Die Anklageschrift der Staatsanwaltschaft lässt die Vermutung zu, bei dem 51-jährigen Ralf H. handle es sich um einen kaltblütigen Radl-Rambo. Im Mai vergangenen Jahres soll er mit seinem Radl verbotenerweise auf dem Gehsteig der St.-Bonifatius-Straße in Obergiesing unterwegs gewesen sein, auf dem Gepäckträger einen etwa ein Meter breiten Teppich quer eingeklemmt. Der Teppich soll Fußgänger Eduard K. gestreift haben, worüber dieser sich so echauffierte, dass er den Radler am Arm packte, so die Anklage.

Daraufhin soll der Radfahrer abgestiegen sein und den 78-Jährigen mit beiden Händen gegen den Oberkörper gestoßen haben, dass dieser umkippte und auf den Kopf fiel. Doch damit nicht genug. Die Staatsanwaltschaft glaubt, dass der Radler den Bewusstlosen anschließend auch noch am Arm zog und weiter schüttelte, ehe ein Zeuge eingriff. Dem Angeschuldigten sei bewusst gewesen, dass seine Tat geeignet war, beim Opfer "lebensgefährliche Verletzungen oder den Tod" zu verursachen.

Ralf H. schüttelt den Kopf. Er fährt sich durch sein leicht ergrautes Haar und als Richter Michael Höhne im Rahmen der Krankengeschichte abfragt, ob er schon einmal Suizidgedanken gehabt habe, sagt der 51-Jährige: "Ja. Nach dem Vorfall." Er schildert die Geschichte etwas anders als die Staatsanwältin.

Er habe an jenem Tag für eine Nachbarin einen Teppich zur Reparatur bringen wollen. Der gebürtige Hesse radelte den Bereich des Ostfriedhofs ab, auf der Suche nach dem beschriebenen Teppichladen. Er fuhr den Nockherberg nach unten, dann wieder rauf, halb fahrend, halb schiebend.

Als er ungefähr auf Höhe der Hausnummer St.-Bonifatius-Straße 2 angekommen war, schickte er sich auf dem Gehweg an, wieder auf sein Rad zu steigen und langsam anzutreten. In dem Augenblick habe ein kräftiger Mann ihm beide Hände um den Hals gelegt, ihn vom Rad gezogen und angeschrien. "Ich habe ihn keinesfalls mit dem Teppich berührt", ist sich der 51-Jährige sicher.

Auch der Vorwurf der Einschüchterung von Zeugen steht im Raum

Was dann folgte, sei eine Affekthandlung gewesen, sagt Ralf H. "Was war das jetzt?", habe er sich gedacht.

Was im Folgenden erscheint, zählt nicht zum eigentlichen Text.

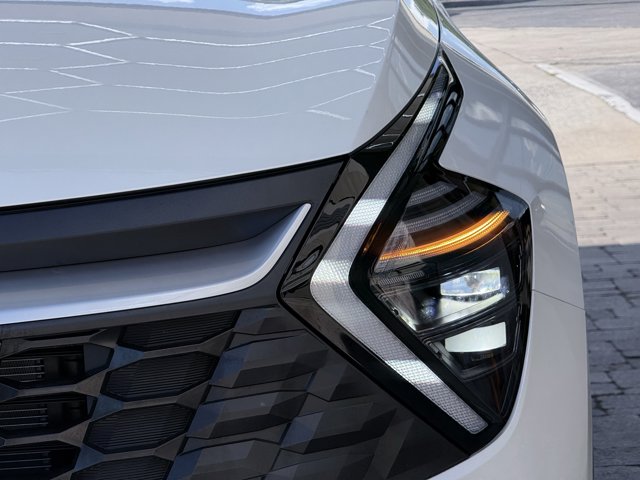 Vehicle image 88 of 100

Und: "Muss man sich das auch noch gefallen lassen?" Dann lehnte er sein Rad an die Hauswand, ging dem Rentner zwei Meter hinterher und gab ihm von der Seite einen Schubs. Der andere sei nicht zusammengesackt, sondern umgefallen, wie ein Baum, mit dem Gesicht nach vorne.

Erst als der 78-Jährige auf dem Boden lag, habe er bemerkt, dass es sich um einen alten Mann handelte. Er habe ihm aufgeholfen, Eduard K. sei bei Bewusstsein gewesen, habe aber abwesend gewirkt. Zusammen mit einem Zeugen habe man den Verletzten auf den Stuhl eines Cafés gehievt, er habe ein Glas Wasser für ihn geholt.

"Sie sollen zu Zeugen gesagt haben, sie sollten mit ihrem Aussageverhalten aufpassen, damit sie keine Schwierigkeiten bekämen", hält ihm Richter Höhne vor. Nein, das habe er nicht gesagt, entgegnet Ralf H. Fünf Verhandlungstage sind für den Prozess angesetzt, das Urteil wird am 14. Juli verkündet.